→ **What to do**:
Transcribe the listing exactly, skipping every picture.

START Material provided

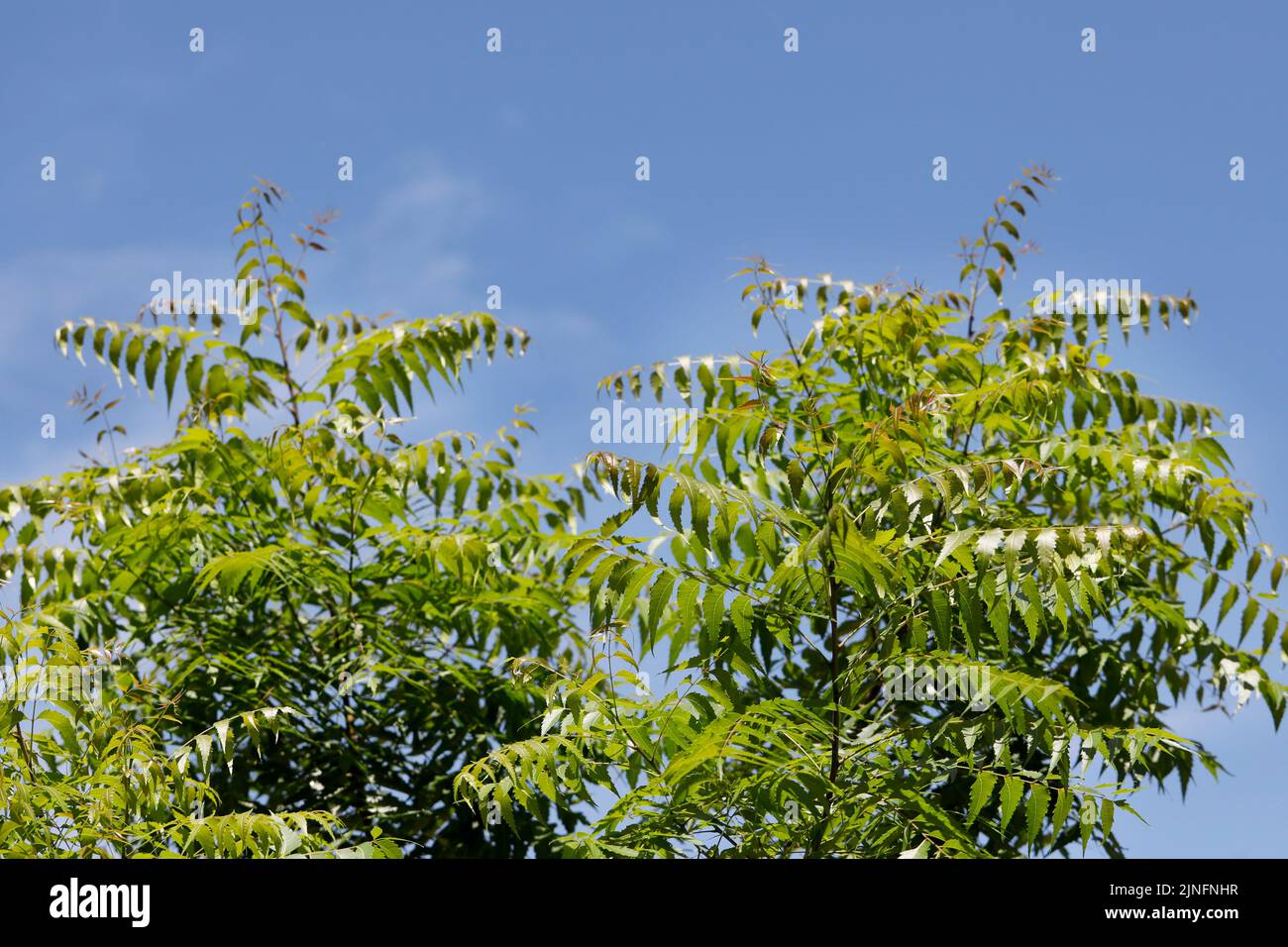 Dhaka, Bangladesh - August 11, 2022: Azadirachta indica, commonly known as neem tree or Indian lilac, is a tree in the mahogany family Meliaceae, Dhak Stock Photo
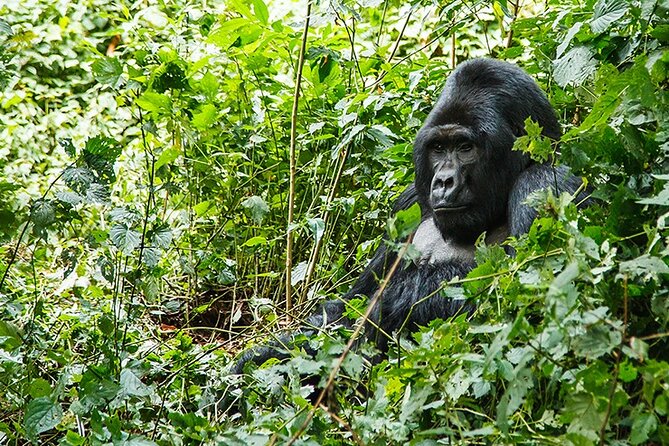3-Day Gorillas trekking and Batwa Experience - What the private format adds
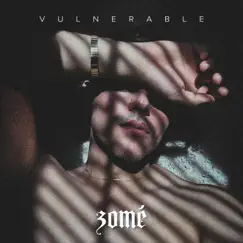 Vulnerable - Single by ZOME album reviews, ratings, credits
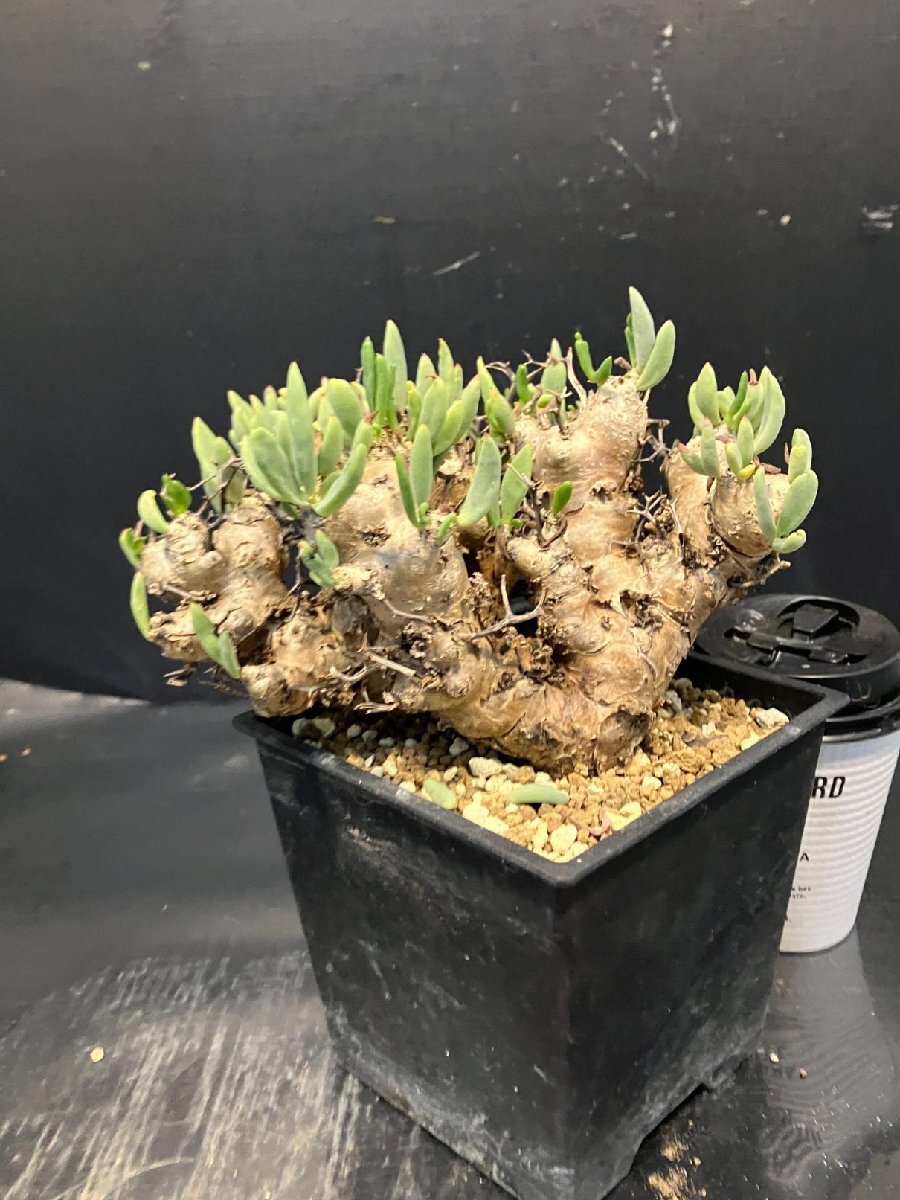 4894 「塊根植物」チレコドン レティキュラーツス 【発根未確認・発芽中・多肉植物・Tylecodon reticulatus・万物想 ・枯枝・折枝アリ】の画像3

END Material provided

→ **Task answer**:
 Dhaka, Bangladesh - August 11, 2022: Azadirachta indica, commonly known as neem tree or Indian lilac, is a tree in the mahogany family Meliaceae, Dhak Stock Photo
3-Day Gorillas trekking and Batwa Experience - What the private format adds
 Vulnerable - Single by ZOME album reviews, ratings, credits
 4894 「塊根植物」チレコドン レティキュラーツス 【発根未確認・発芽中・多肉植物・Tylecodon reticulatus・万物想 ・枯枝・折枝アリ】の画像3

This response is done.